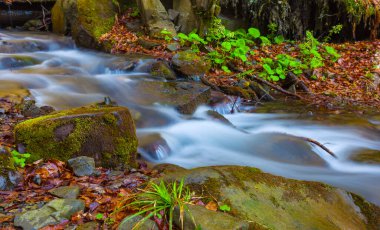 Mavi nehir dağ kanyonunda akıyor.
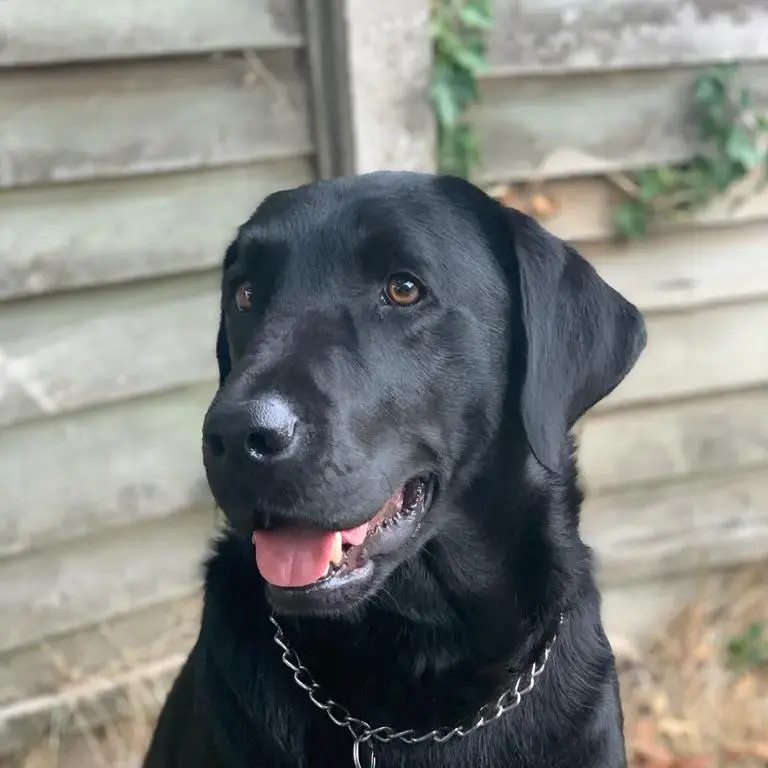 Labrador Retriever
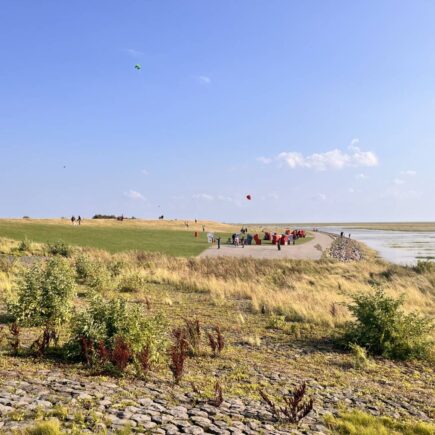 Deich in Friedrichskoog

* _EXERCISE AIM_: When a picture appears in the material, please pass over it while retyping the rest exactly.

* _WRITTEN ANSWER_:
 Mavi nehir dağ kanyonunda akıyor.
 Labrador Retriever
 Deich in Friedrichskoog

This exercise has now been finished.